1 Introduction to Sourcing and Procurement

At its core, procurement is simply the purchase of a good or service by one organization or individual from another organization or individual. Companies and governments require both direct and indirect inputs of this nature to deliver the goods and services they in turn seek to deliver to the marketplace or directly to their customer base.
This chapter explains the software-agnostic procurement business process for today’s enterprises, the boundaries between operational procurement with an SAP ERP system and strategic sourcing with an SAP Cloud system such as SAP Ariba or SAP Fieldglass, and the key innovations and simplifications introduced with SAP S/4HANA.

1.1 Sourcing and Procurement Basics

Sourcing is a process of matching requirements and needs originating from an organization with a supplier to provide these goods and/or services, preferably under a negotiated price and set of conditions. Sourcing entails identifying and understanding the requirements, identifying the most viable set of suppliers, requesting information and bids from the suppliers, awarding the purchase to a supplier, and creating the follow-on documents via the procurement process.
Procurement often takes up where sourcing leaves off, issuing purchase requisitions and purchase orders for goods and/or services with the supplier identified during the sourcing process as the source of supply and then receiving and processing the receipts and invoices in the follow-on processes of a procure-to-pay process.
Sourcing and procurement are essential, core processes in enterprise resource planning (ERP). Without sourcing and procurement, production of a good or service isn’t possible, and without production no goods/services are produced. Without goods/services to provide, no spending justification can be made by a government entity, nor can sales/revenues be obtained by a firm. Following this logic to its conclusion, without input, a government or enterprise can’t deliver its goods and services, and without sourcing and procurement, you can’t obtain input. Without sourcing and procurement, therefore, you can’t run a firm or government.

1.1.1 Sourcing

Sourcing of goods and services is critical for an organization to meet its objectives and obligations in the marketplace and/or for its stakeholders. An example of a direct input driving strategic sourcing can be found in the airline industry. Airlines provide a service that is heavily dependent on fuel and its costs. The price of fuel can change daily, with airlines not always able to pass the costs (or, more recently, the savings) directly to their end customers. Fuel can comprise up to one-third of an airline’s operating costs. At this level, fuel easily qualifies as a strategic sourcing area for an airline.
Unlike one-off items ordered by employees in the office or on the shop floor, strategic sourcing items have more predictable and sizeable quantity requirements and anticipated costs. If an organization fails to adequately estimate its needs in the strategic sourcing area, the consequences can be severe. Securing too little fuel at an airline can mean having to buy fuel on the spot market at much higher costs or even grounding flights.

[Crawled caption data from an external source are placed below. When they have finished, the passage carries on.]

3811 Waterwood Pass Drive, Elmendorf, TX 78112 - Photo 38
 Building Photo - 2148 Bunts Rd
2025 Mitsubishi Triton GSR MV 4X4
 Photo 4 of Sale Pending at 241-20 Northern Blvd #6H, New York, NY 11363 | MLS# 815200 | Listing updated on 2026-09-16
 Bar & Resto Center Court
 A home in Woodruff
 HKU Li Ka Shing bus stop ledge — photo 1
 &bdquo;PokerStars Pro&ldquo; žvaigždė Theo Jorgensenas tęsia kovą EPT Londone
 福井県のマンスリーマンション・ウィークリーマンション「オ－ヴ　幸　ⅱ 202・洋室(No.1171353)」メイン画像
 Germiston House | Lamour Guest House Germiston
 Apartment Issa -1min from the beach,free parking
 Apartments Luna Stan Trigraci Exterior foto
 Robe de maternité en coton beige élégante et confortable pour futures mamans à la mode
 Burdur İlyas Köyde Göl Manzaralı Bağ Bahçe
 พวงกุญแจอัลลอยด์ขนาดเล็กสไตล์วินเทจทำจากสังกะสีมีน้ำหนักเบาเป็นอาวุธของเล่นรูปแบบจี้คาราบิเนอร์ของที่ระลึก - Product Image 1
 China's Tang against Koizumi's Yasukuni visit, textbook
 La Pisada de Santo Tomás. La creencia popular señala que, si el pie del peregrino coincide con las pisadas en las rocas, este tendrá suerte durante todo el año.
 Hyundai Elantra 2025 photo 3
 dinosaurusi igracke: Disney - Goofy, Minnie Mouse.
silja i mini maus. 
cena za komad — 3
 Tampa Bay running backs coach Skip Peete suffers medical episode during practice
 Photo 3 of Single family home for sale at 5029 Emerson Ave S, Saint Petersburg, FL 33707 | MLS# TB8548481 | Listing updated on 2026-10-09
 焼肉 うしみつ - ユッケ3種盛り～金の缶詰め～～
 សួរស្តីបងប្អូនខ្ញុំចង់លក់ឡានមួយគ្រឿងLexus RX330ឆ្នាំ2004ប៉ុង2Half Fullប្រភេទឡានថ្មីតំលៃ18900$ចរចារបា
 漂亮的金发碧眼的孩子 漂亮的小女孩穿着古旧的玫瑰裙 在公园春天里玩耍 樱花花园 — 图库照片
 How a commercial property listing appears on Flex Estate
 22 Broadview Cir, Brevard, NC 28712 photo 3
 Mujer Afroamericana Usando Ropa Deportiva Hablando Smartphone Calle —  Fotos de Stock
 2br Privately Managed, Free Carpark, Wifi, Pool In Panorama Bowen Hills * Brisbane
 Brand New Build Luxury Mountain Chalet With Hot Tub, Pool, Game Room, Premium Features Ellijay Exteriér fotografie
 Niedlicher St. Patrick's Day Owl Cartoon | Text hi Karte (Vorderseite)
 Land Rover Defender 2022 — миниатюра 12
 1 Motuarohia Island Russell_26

Sourcing from untested or appropriately vetted suppliers for strategic input can undermine the brand image, as products are shipped with a built-in point of failure. In severe cases, some organizations may not get a second chance to “make it right” and may be immediately cast into the dustbin of history. Quality control begins at the supplier level for any organization, especially if your products and services are the sum of your suppliers’ inputs.
From a systems standpoint, strategic procurement requires three things from SAP ERP: First, you must have robust forecasting to accurately estimate supply needs. Some companies and organizations run forecasting for their business in Excel sheets and rely on historical experience. This is a 1.0 approach and doesn’t scale well for larger enterprises. Second, strategic sourcing requires an understanding of inventory and supply chains. If you have supply requirements from end customers forecasted at a certain level, what does this mean at all levels of your production? Do the suppliers have enough lead time to provide the input required? Do the areas of production have the adequate inventory and quality-management processes in place to fulfill these requirements within the timeline required? Third, do you have the right suppliers for this undertaking at the optimal price? This is perhaps the most challenging area for SAP ERP because it requires collaboration, a weak point for the system.
The supplier collaboration area is a weak point for SAP ERP because, by definition, SAP ERP can’t connect to the outside world unencumbered by security requirements and concerns. Yet SAP ERP forms the basis for forecasting and the interconnected production planning areas in the strategic procurement equation. SAP ERP is tightly integrated with inventory management and planning modules, which can be used to drive strategic purchasing automatically for purchases, issuing POs based on stock levels and forecast models. Collaboration with suppliers is best conducted in a demilitarized zone, in which the organization doesn’t have to risk its crown jewels regularly to trade simple and complex pieces of information at a system level. This is why SAP Ariba is the go-to solution for strategic sourcing execution, especially when it’s time to collaborate with suppliers. Basic supplier collaboration capabilities are also available in SAP S/4HANA.
In summary, strategic sourcing is central to an organization and spans many core areas, from finance to inventory and quality management to product development and production to sourcing. From a systems standpoint, both SAP ERP systems and supplier collaboration platforms/solutions are required to cover this area.
The supplier collaboration platform from an SAP solutions standpoint is SAP Ariba. To cover all strategic sourcing, using SAP Ariba alone isn’t feasible because it would only be able to cover parts of the process and would need to integrate with the SAP ERP backend for others. However, handing this process entirely in SAP ERP creates its own challenges: supplier collaboration areas, from request for quotation/purchase/information (RFX) scenarios to contract negotiation to network-enabled suppliers for document exchange, are not as robust as in SAP Ariba or aren’t available at all in SAP ERP, as in the case of network-enabled supplier collaboration.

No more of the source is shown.